-- Data to use follows --

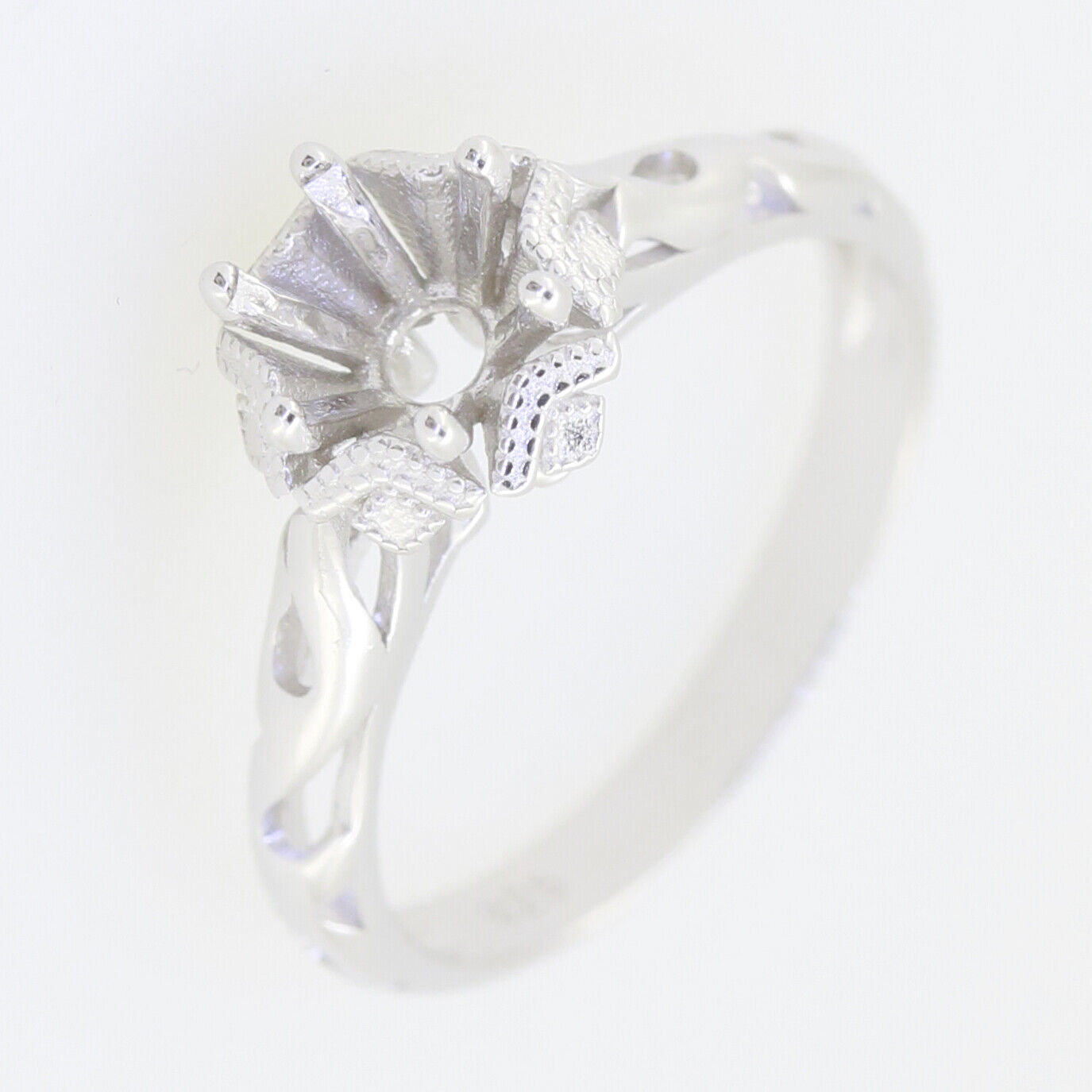 Sterling Silver Semi Mount Ring Setting Round Rd 6x6mm Engagement 703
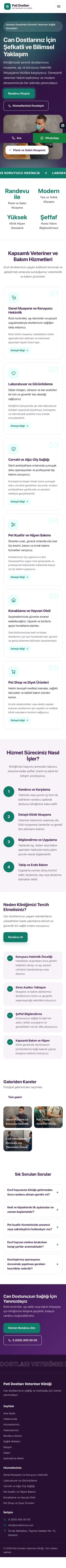 Hareketli Mor Turkuaz – Veteriner Web Sitesi mobil görünümü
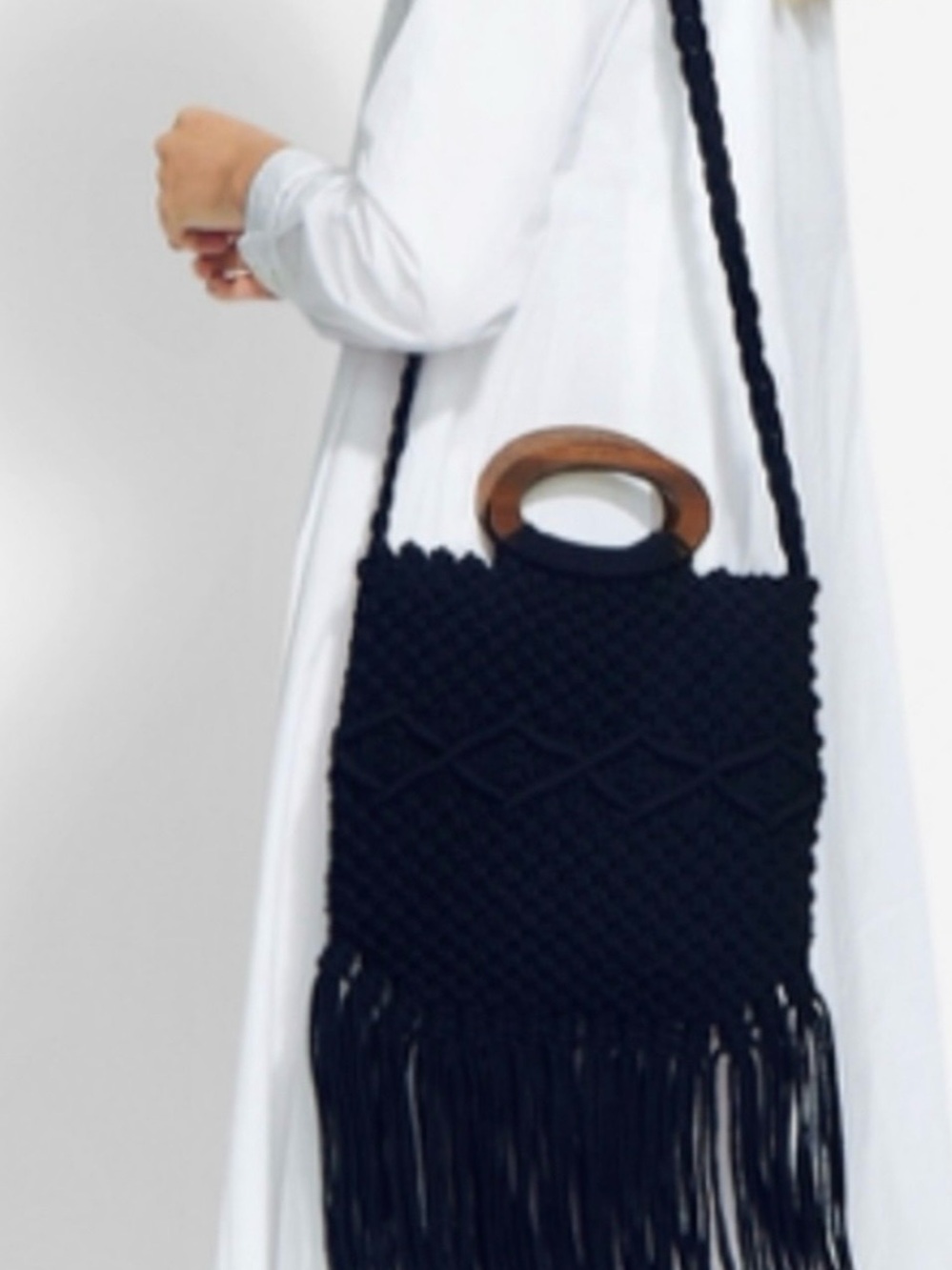 Danielle Nicole Black Macramé Fringe Shoulder Bag with Wooden Handle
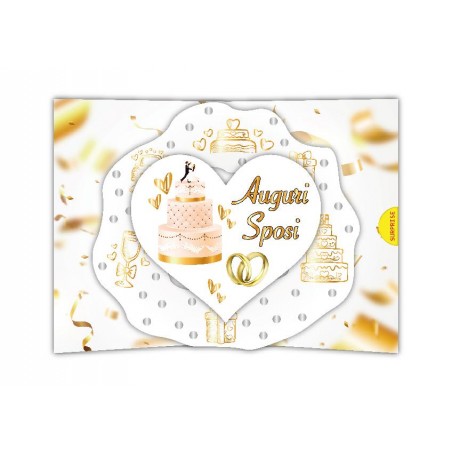 Biglietto di matrimonio con torta nuziale, cuore e fedi dorate, colori bianco e oro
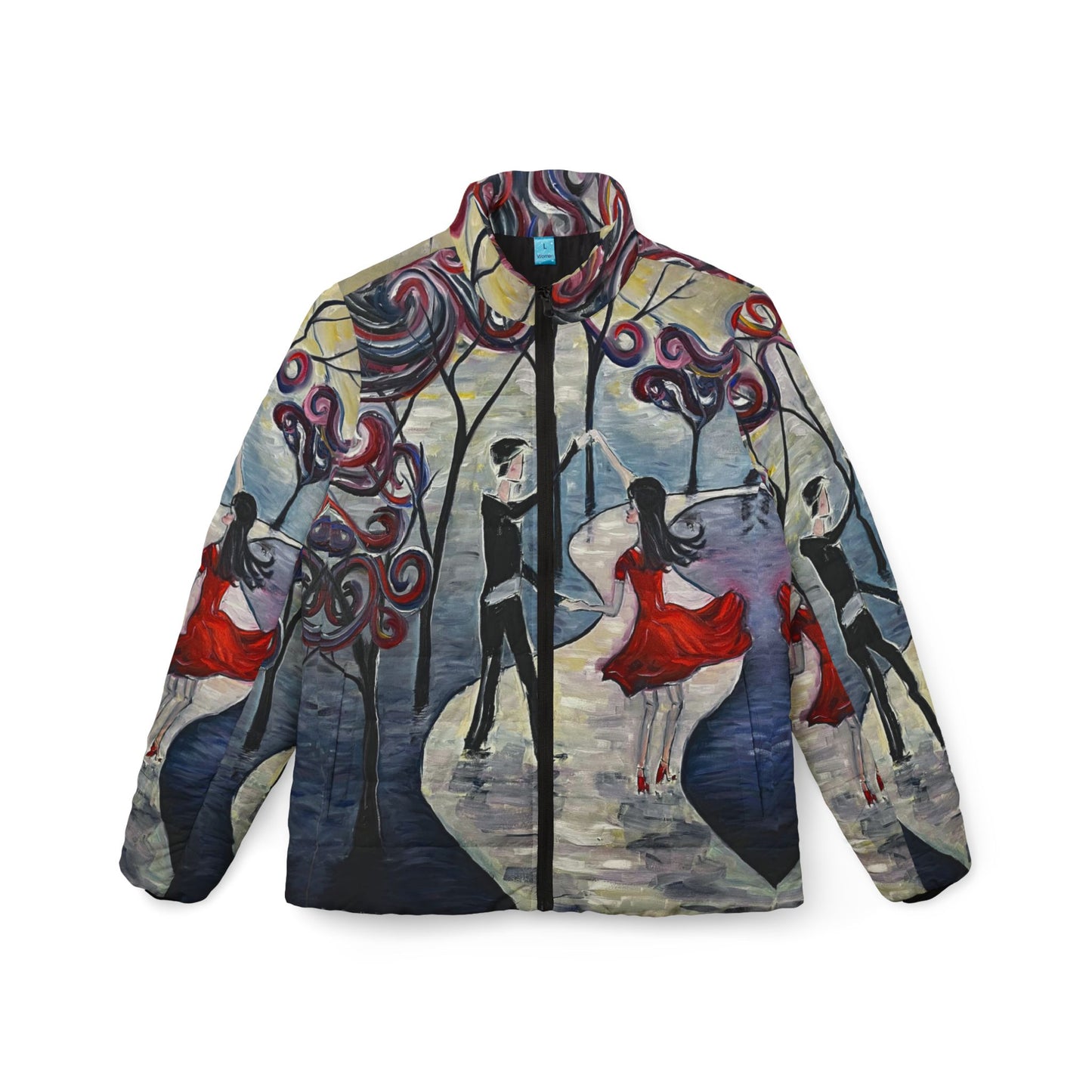 Women's Puffer Jacket - Roxy Rich Fine Art -Dancing in the Moonlight-Paris Couple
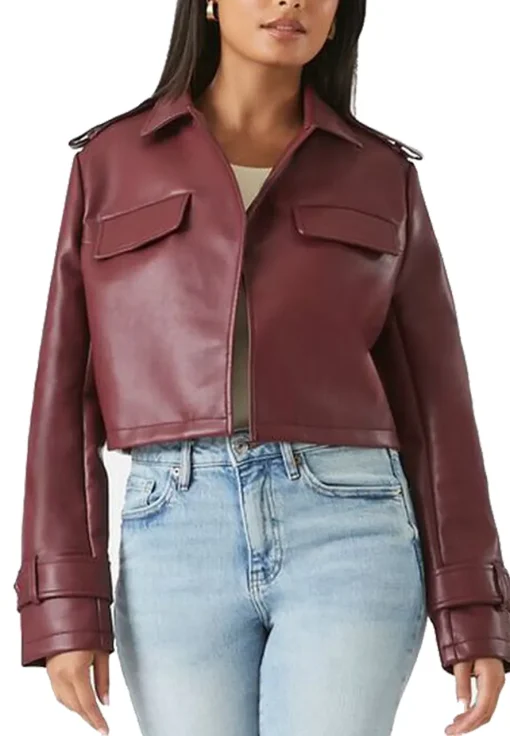 womens-cropped-maroon-faux-leather-jacket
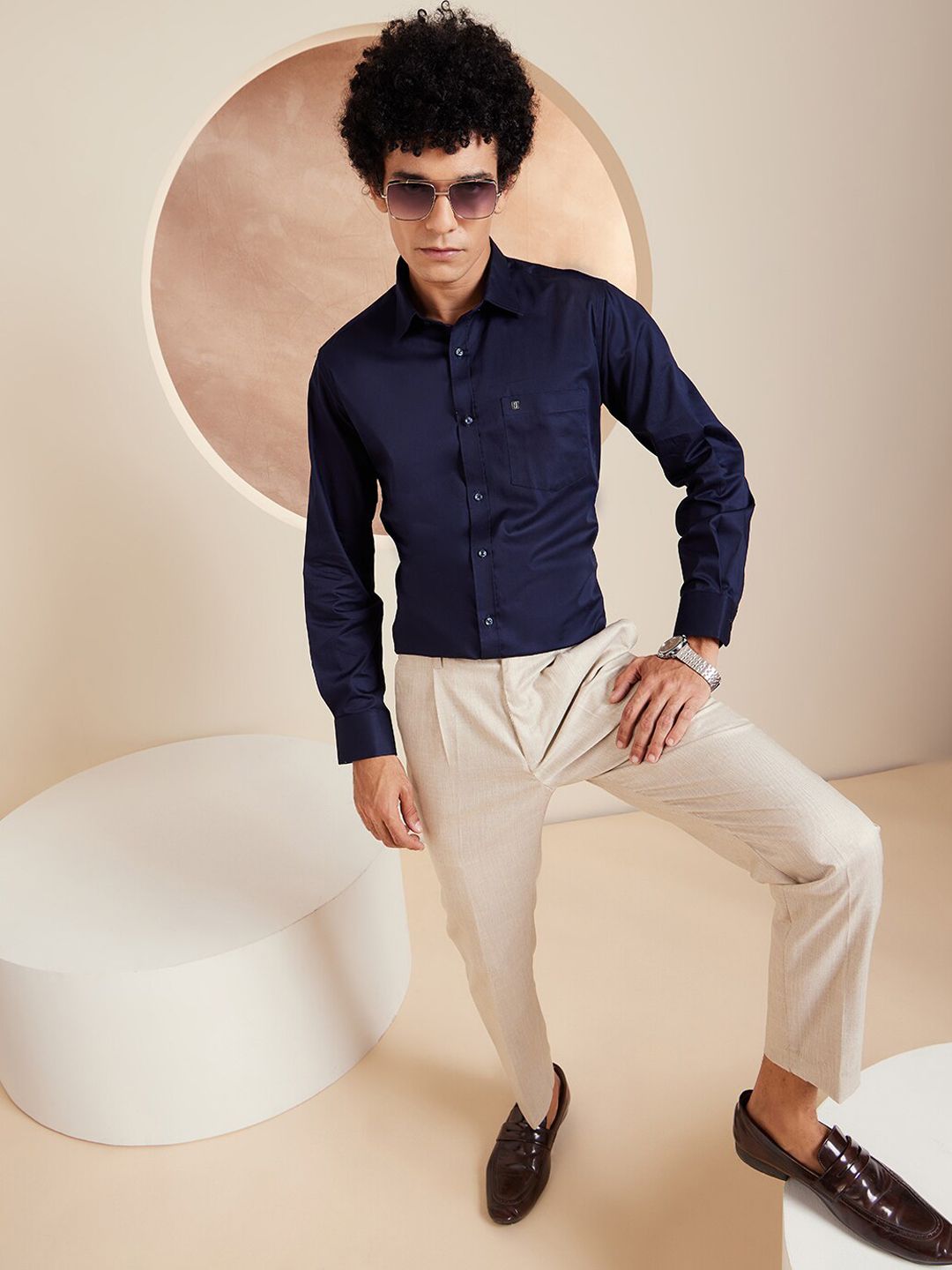 DENNISON Men Smart Tapered Fit Easy Wash Pleated Formal Trouser
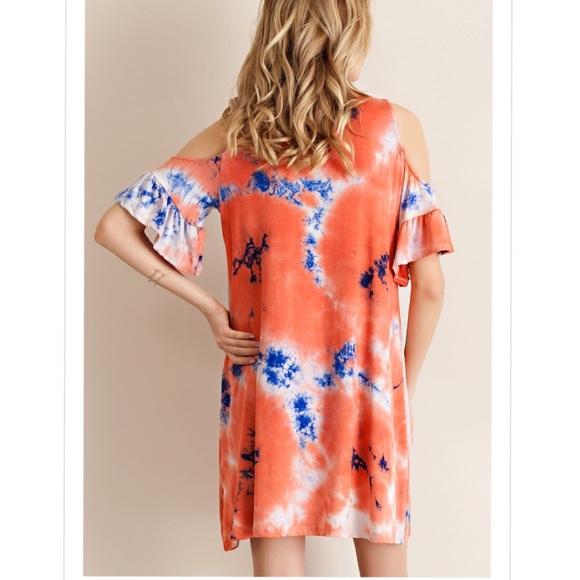 ‼️ FLASH SALE ‼️Coral cold shoulder tie dye dress - Picture 2 of 4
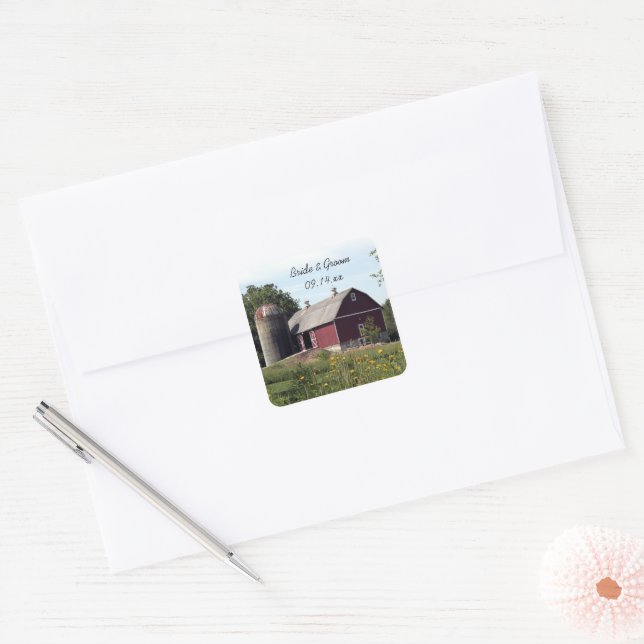Roter Barn Country Hochzeiten Umschlag Aufkleber (Umschlag)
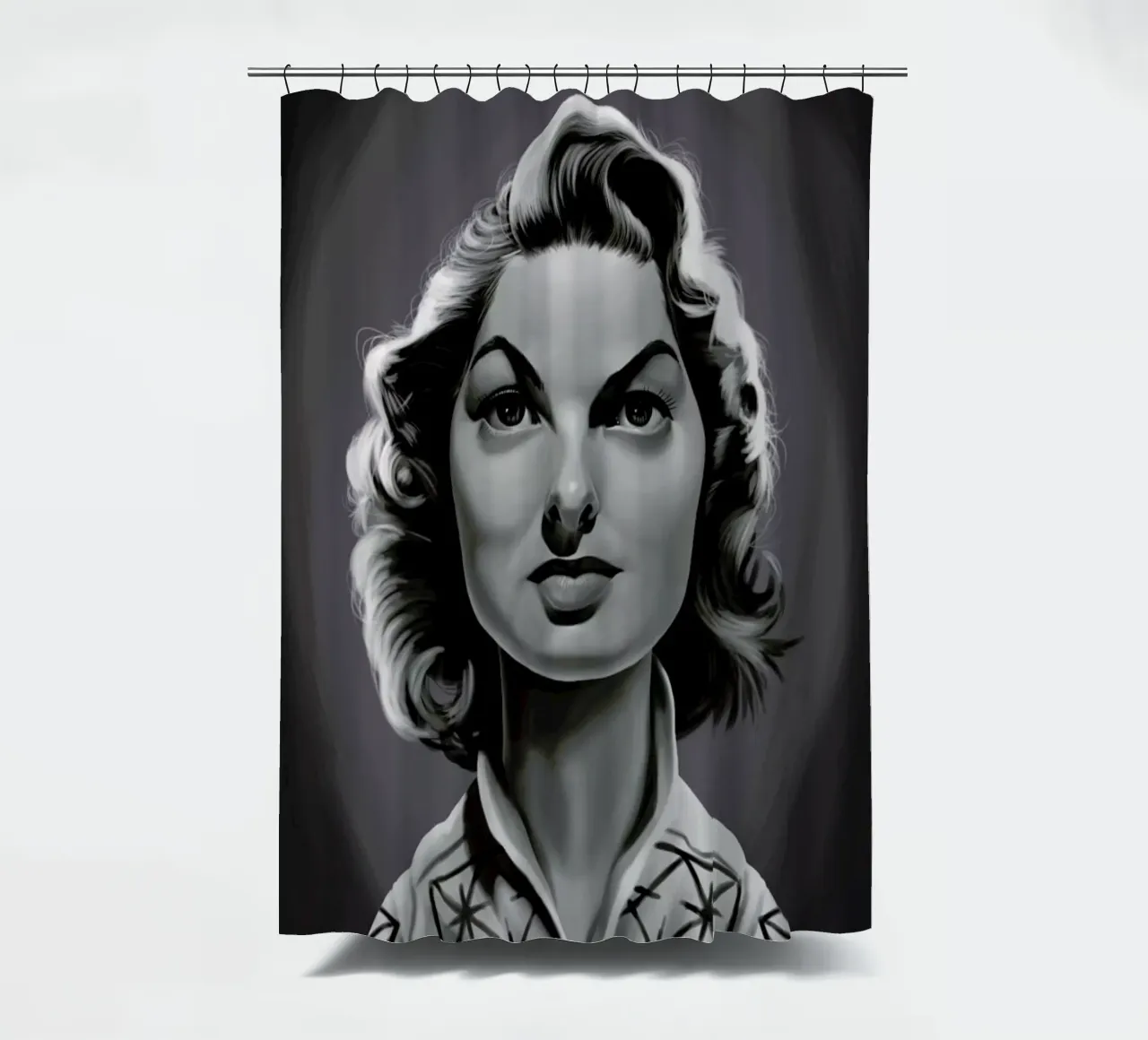 Ingrid Bergman shower curtain by Rob Art | Illustration
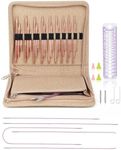 Aeelike Aluminu Interchangeable Knitting Needles Set, Circular Knitting Needles Set with 4 Cable 3 to 6 mm, Interchangeable Needle for Knitting Multiple Combinations, Gold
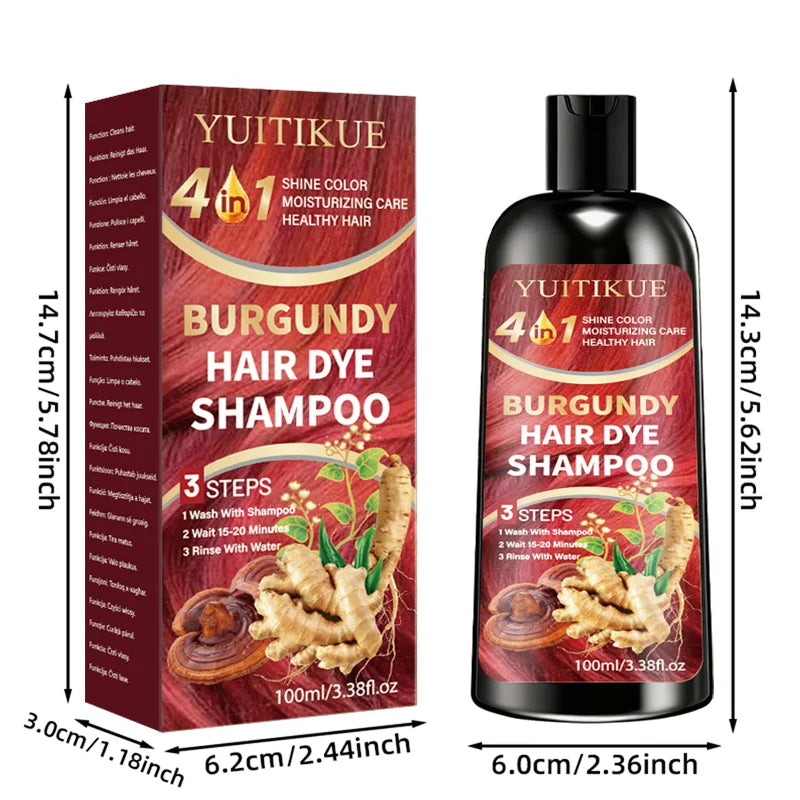 4 in 1 Burgundy Hair Dye Shampoo Natural Ginger Herbal Formula 100ml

-- Data to use concluded --

▶ [Required action]:
Output exactly the lines above that lie between the line with "Women's Puffer Jacket" and the line with "Roter Barn Country", those two lines included, and no pictures.

▶ [Exercise response]:
 Women's Puffer Jacket - Roxy Rich Fine Art -Dancing in the Moonlight-Paris Couple
 womens-cropped-maroon-faux-leather-jacket
 DENNISON Men Smart Tapered Fit Easy Wash Pleated Formal Trouser
 ‼️ FLASH SALE ‼️Coral cold shoulder tie dye dress - Picture 2 of 4
Roter Barn Country Hochzeiten Umschlag Aufkleber (Umschlag)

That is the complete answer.